Would you output the listing exactly, with every image omitted?

[Opening Recorded information section]

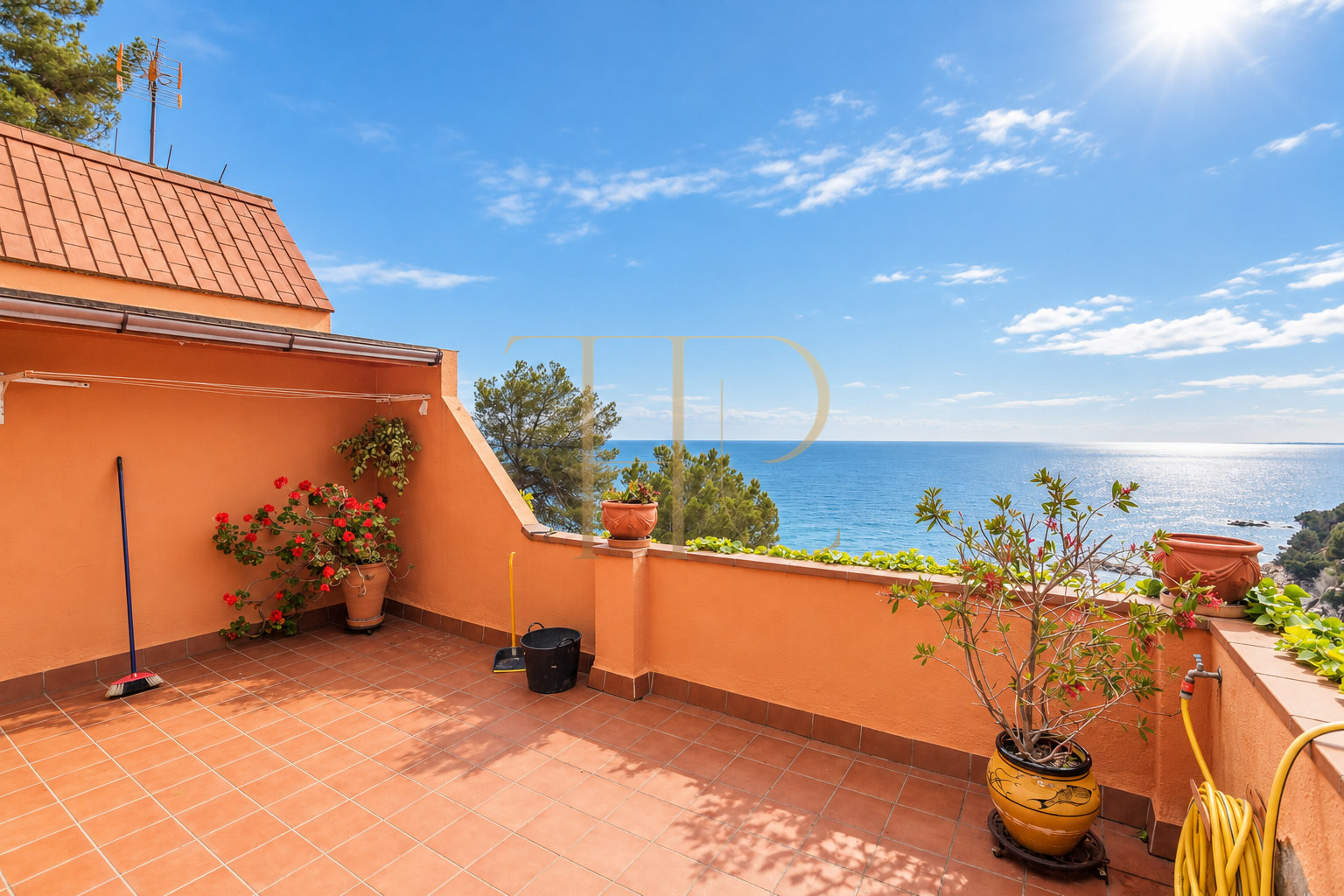 Seafront villa for sale in Cala Montgoda, Lloret de Mar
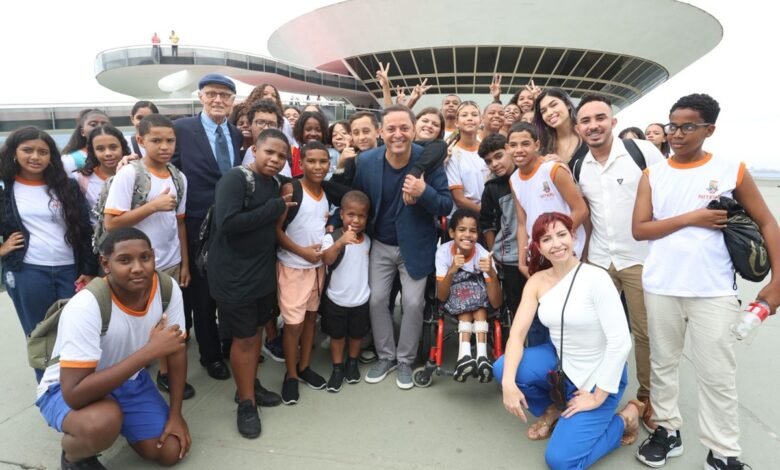 Prefeito Rodrigo Neves recebe ex-senador autor da Lei da Renda Básica da Cidadania – Prefeitura Municipal de Niterói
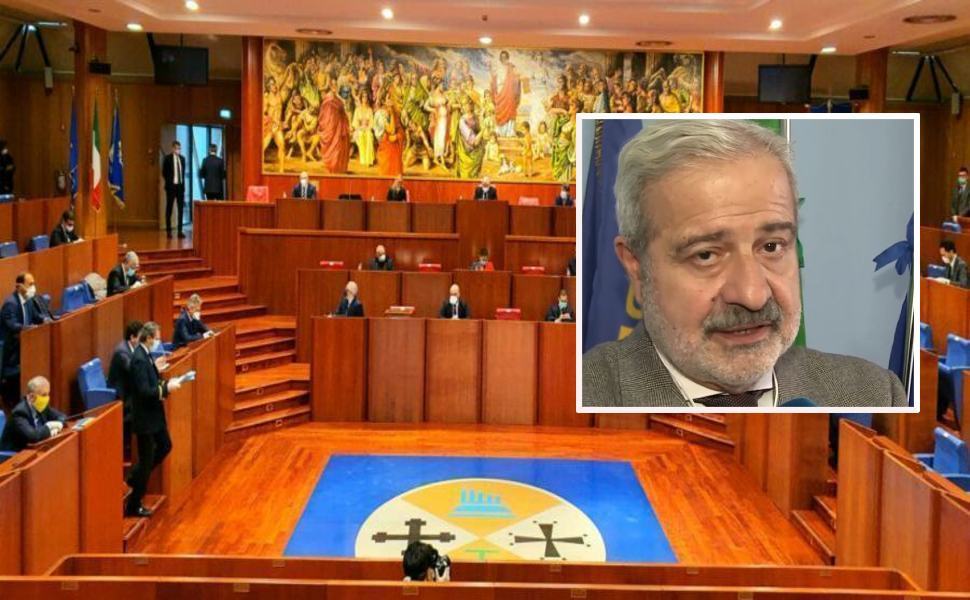Vaccini in ritardo e agli 'Altri', Longo diserta la riunione in Regione 51 consiglio regionale con mascherine 1 1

[Closing Recorded information section]

### Output below
 Seafront villa for sale in Cala Montgoda, Lloret de Mar
 Prefeito Rodrigo Neves recebe ex-senador autor da Lei da Renda Básica da Cidadania – Prefeitura Municipal de Niterói
Vaccini in ritardo e agli 'Altri', Longo diserta la riunione in Regione 51 consiglio regionale con mascherine 1 1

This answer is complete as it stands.